[Work to complete]:
Print all of the records. Exclude the images.

_ _ _ _ _

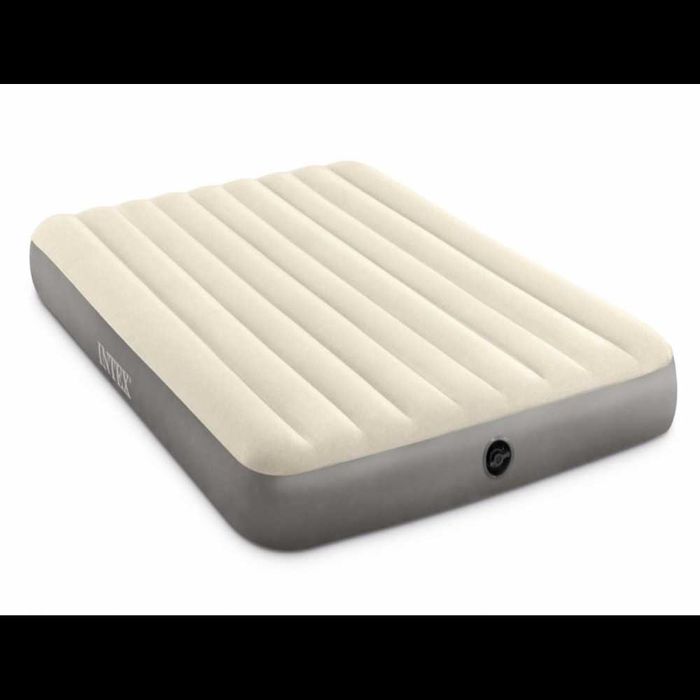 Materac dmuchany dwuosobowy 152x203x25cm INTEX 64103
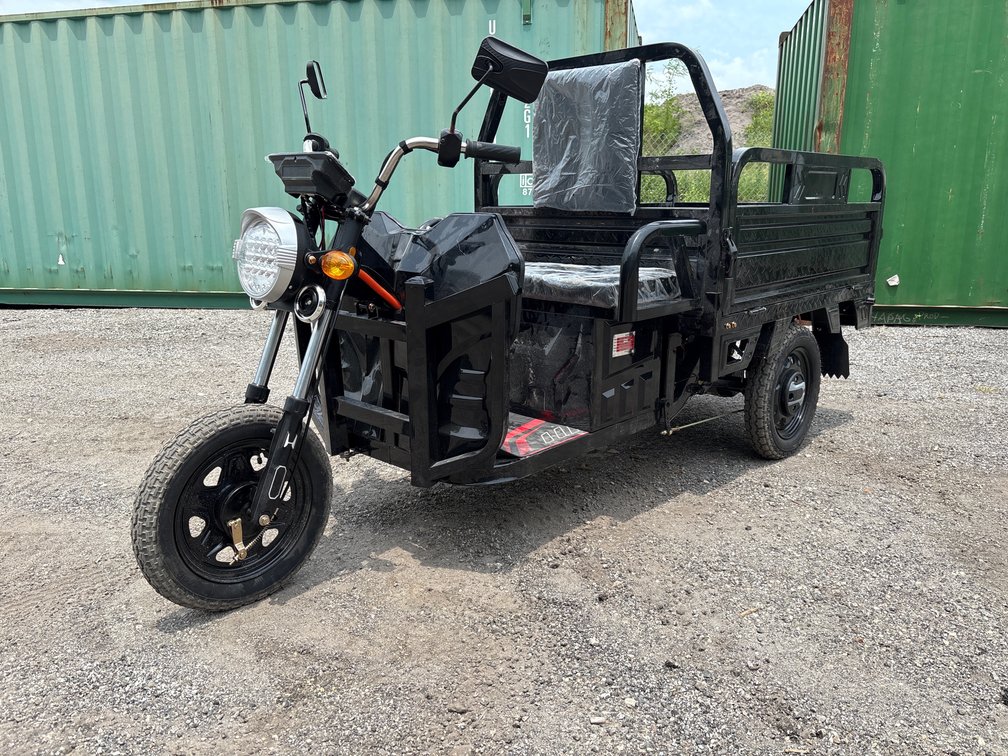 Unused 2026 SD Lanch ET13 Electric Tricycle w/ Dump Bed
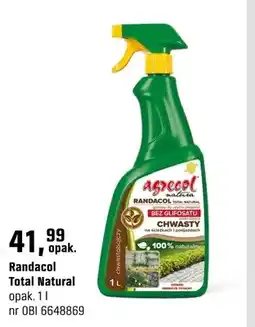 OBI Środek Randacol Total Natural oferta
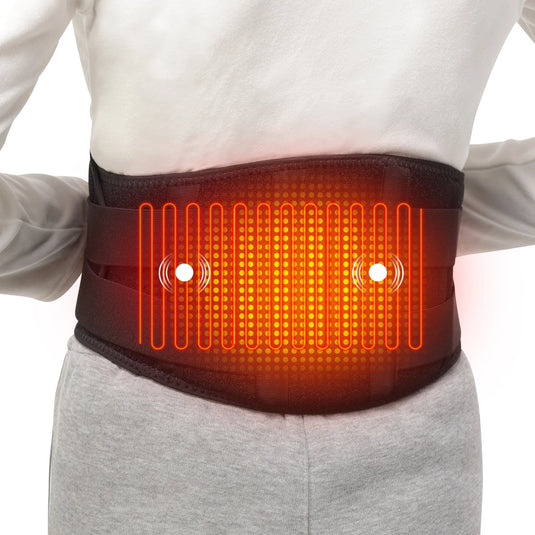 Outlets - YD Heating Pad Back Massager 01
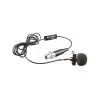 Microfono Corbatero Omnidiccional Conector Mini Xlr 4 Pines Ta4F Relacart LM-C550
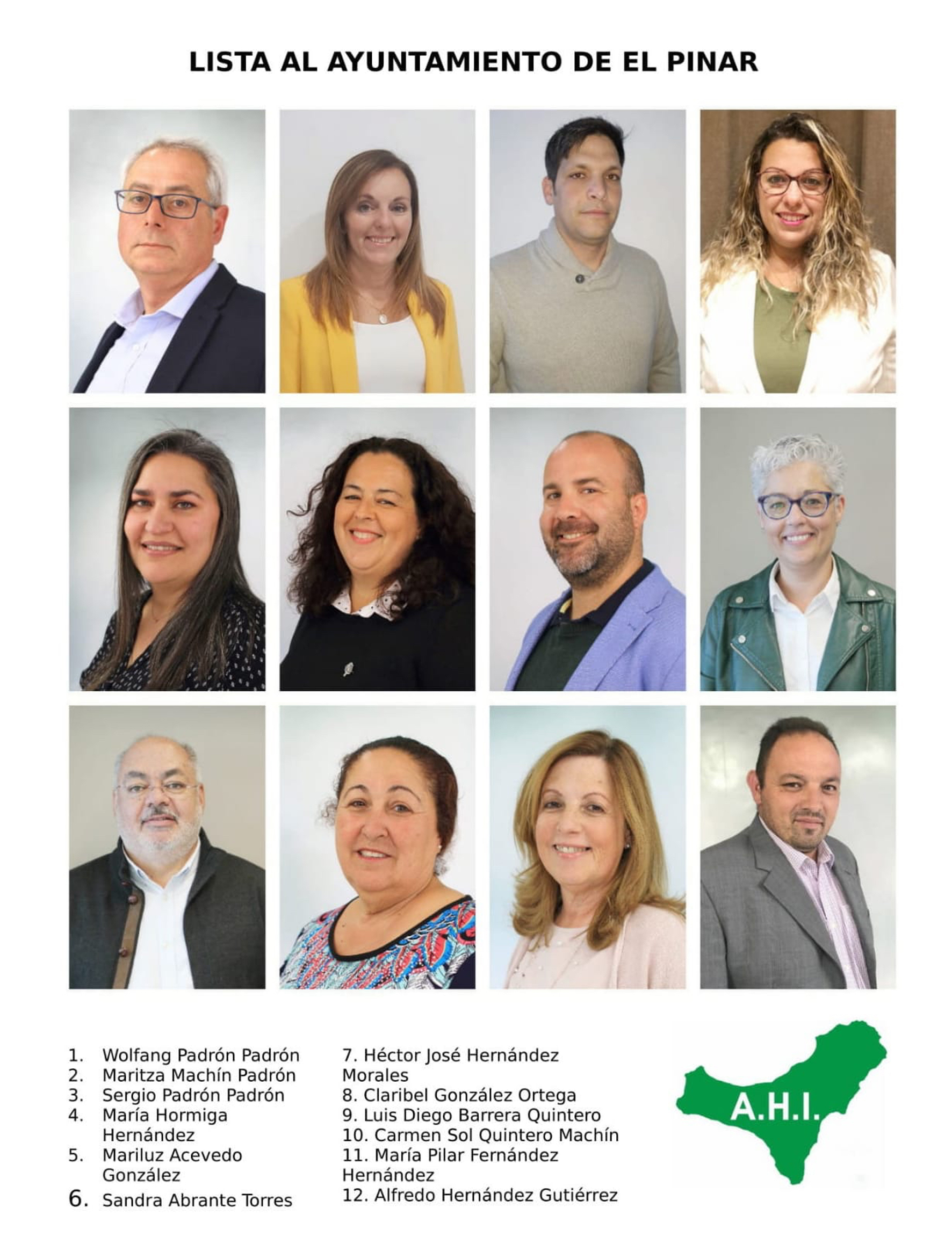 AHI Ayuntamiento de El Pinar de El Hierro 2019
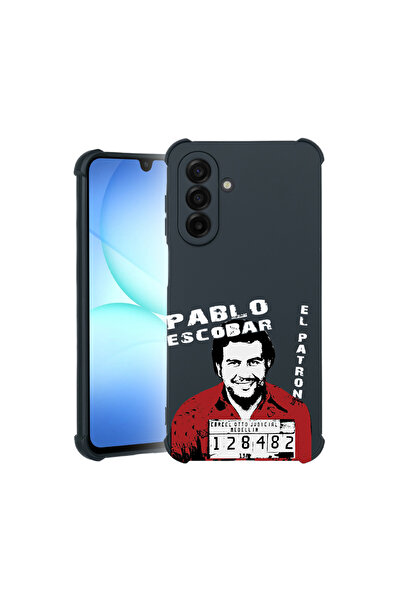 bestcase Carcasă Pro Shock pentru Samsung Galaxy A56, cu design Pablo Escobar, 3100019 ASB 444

_ _ _ _ _

[Output]:
 Materac dmuchany dwuosobowy 152x203x25cm INTEX 64103
 Unused 2026 SD Lanch ET13 Electric Tricycle w/ Dump Bed
 OBI Środek Randacol Total Natural oferta
 Outlets - YD Heating Pad Back Massager 01
 Microfono Corbatero Omnidiccional Conector Mini Xlr 4 Pines Ta4F Relacart LM-C550
 AHI Ayuntamiento de El Pinar de El Hierro 2019
 bestcase Carcasă Pro Shock pentru Samsung Galaxy A56, cu design Pablo Escobar, 3100019 ASB 444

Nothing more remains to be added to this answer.